Decision tree algorithm Summary

Source: Internet
Author: User

Reference: Machine Learning Tom and http://blog.csdn.net/v_july_v/article/details/7577684

I. Introduction

Decision treeIs a prediction model, which represents a ing relationship between object attributes and object values. Each node in the tree represents an object, and each forks PATH represents a possible attribute value, each leaf node corresponds to the object value represented by the path from the root node to the leaf node. A decision tree has only one output. To have a plural output, you can create an independent decision tree to process different outputs. Decision tree is a frequently used technology in Data Mining. It can be used for data analysis and prediction (just as the bank officials above use it to predict loan risks ).

The machine learning technology used to generate decision trees from data is calledDecision Tree LearningIn other wordsDecision tree.

A decision tree contains three types of nodes: 1. Decision nodes-usually using rectangular boxes for table 2. Opportunity nodes-usually using circles for table 3. endpoints-usually represented by triangles

Decision tree learning is also a common method in data exploration. Each decision tree represents a tree structure, and its branches classify objects of this type by attributes.

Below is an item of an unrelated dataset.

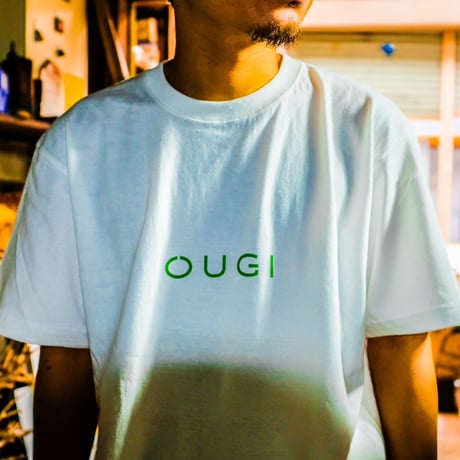 【扇温泉】OUGIonsenTシャツ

Each decision tree can be used to test data by splitting the source database. This process can recursively trim the tree. The recursive process is complete when no further division or a separate class can be applied to a branch. In addition, the random forest classifier combines many decision trees to improve the classification accuracy.

Ii. Decision Tree Algorithms

1. ID3 algorithm

ID3 is an algorithm used for Decision Trees invented by Ross Quinlan. This algorithm is based on the Occam Razor described above: the smaller the decision tree, the better the decision tree (be simple theory ). However, this algorithm does not always generate the smallest tree structure, but a heuristic algorithm.

Description of ID3 algorithm in Tom Michelle machine learning:

ID3 algorithm concept description: (personal summary is for reference only)

A. Calculate the information gain of attributes for the current example set;

B. Select the attribute Ai with the largest information gain (detailed descriptions will be provided later)

C. The example of the same value in Ai is equivalent to a subset. When Ai gets a few values, it gets several subsets.

D. recursively call the build Algorithm for the subsets of each value in turn, that is, return,

E. If the subset contains only one attribute, the Branch is a leaf node, the attribute value is determined, the corresponding symbol is marked, and the call is returned.

 

2. Optimal Classification attributes

Determining which attribute to test is the best classification attribute is the core issue of the ID3 algorithm. Here we will introduce two important concepts: information Gain measurement standards: entropy and information Gain (S, a)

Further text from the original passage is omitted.